Brain health clearing house

It’s been a couple of weeks since my last blog, but I’m back with a different state of mind.

Some travel set me behind. Then, interviews I was planning for a few posts on concussions were delayed. I didn’t want to just tell my story all of the time. I felt I’d hit a wall. And it was compounded by that personal issue I wrote about a few blogs back.

Then I got an email from fellow ex-reporter, Ron, that set my mind right.

Ron’s wife had a stroke 18 months ago. He’s by her side at their home just outside of Charlotte, North Carolina. Ron read about my story while doing some research on the National Stroke Association’s website (http://www.stroke.org/) where I’d posted a piece on their ‘faces of stroke’ page.  He tracked me down.  Reporters, even us ex-reporters, are good at this stuff.  Now two ex-newspaper guys — one from the South Eastern US and one from Western Canada – were connected.
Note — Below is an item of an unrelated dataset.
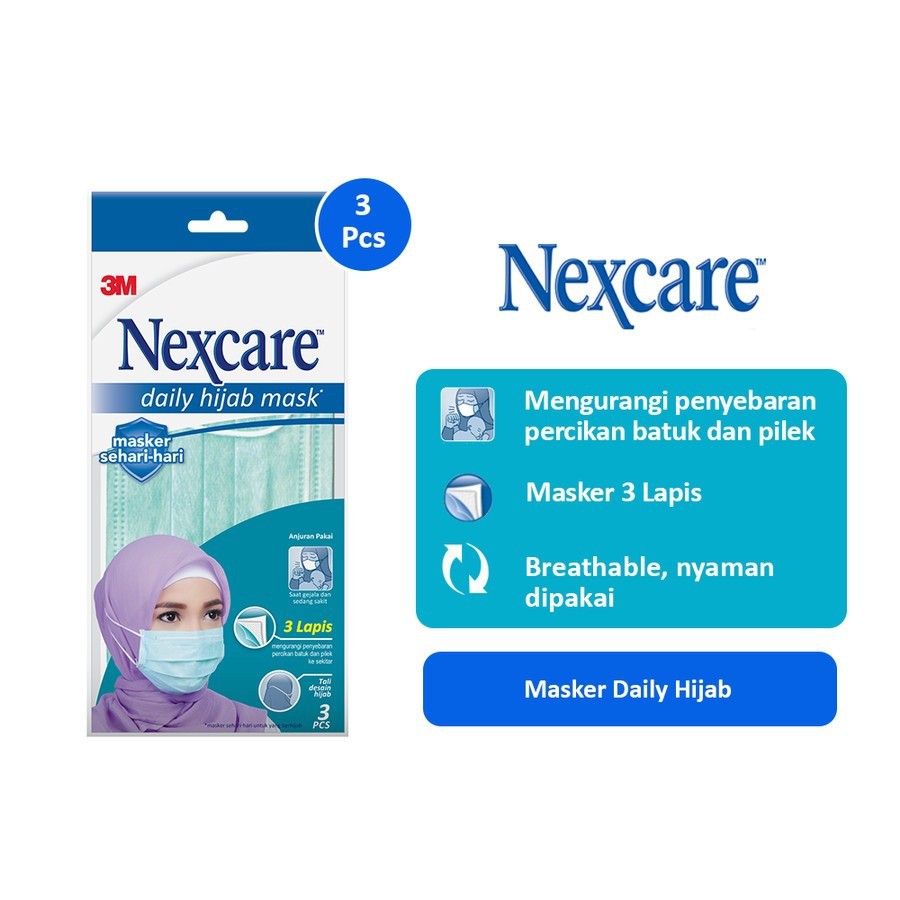 Masker Hijab Nexcare 3M 3 lapis / Masker Kesehatan Hijab MD-10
Reporters — again, even us ex-reporters — are also good at asking questions. And in his emails to me, Ron asked a lot of good questions about life after stroke and support, tools and the like that are out there for recovery. He made some excellent points, like the ‘facts’ on the time after stroke that a person can still make gains seems to be greater than the experts used to think.

I realized from his questions that I’d forgotten one important thing about my recovery. As much as we now know about stroke, we’re still at the early stages of understanding the brain. New ideas are being floated every day. And advances and aids for stroke victims – and those suffering other brain conditions and injuries – are being made and discovered all of the time. And it’s happening all around the world. The point is, if you suffer a stroke or a brain injury in Vancouver or Miami or anywhere in between, all of the brain power you’ll need to help you isn’t sitting in a neat package in one convenient spot. You’ve got to do some digging.

As I’ve written, I had amazing care in Edmonton. And still, I learned about the reading feature in the Amazon Kindle through a speech language pathologist I connected with in Chicago. In our conversation, I told her how I was getting books from the library, then finding the same book on CD. I’d play the CD while following the words in the book. As I’ve said in earlier blogs, I can ‘read’ along with words being read out loud at normal speed, but I slow down dramatically when the recorded voice is shut off. Letter combinations don’t immediately appear to me as they do to you.  But they do when I hear the word along with seeing it. Weird, I know. At first I used this technique to speed up my reading. I seem to have hit a wall with speed, so now I need help just to keep up with the rest of you and not spend a frustrating month reading a short book.

The Chicago speech language pathologist asked me why I didn’t just get a Kindle, which has a feature where a computerized voice reads out loud, allowing me to follow. I’d not heard of this before. What a breakthrough that was for me.

I also craved having someone like me to confab with who understood exactly what I was going through with my lost words. Nobody I met or heard about had my reading issues. Then, by chance, I spotted a documentary featuring Oliver Sacks, the UK born, American based writer/neurologist who suffers a unique brain issue himself. The special talked about a Canadian novelist who had a stroke and lost the ability to read. His circumstances were different, but still. I tracked Howard Engel down and had some great, helpful and inspiring telephone conversations with him.

These were watershed moments for me. Colossal breakthroughs, huge inspiration.

Ron reminded me that I can use this blog to help spark some breakthroughs for others who’ve suffered stroke and brain injuries. To provide a voice for those who’ve come up with devices, tools and techniques to help with brain function and improvement. Whether it’s help for those of us who’ve been buzzed or those trying to fight off decay.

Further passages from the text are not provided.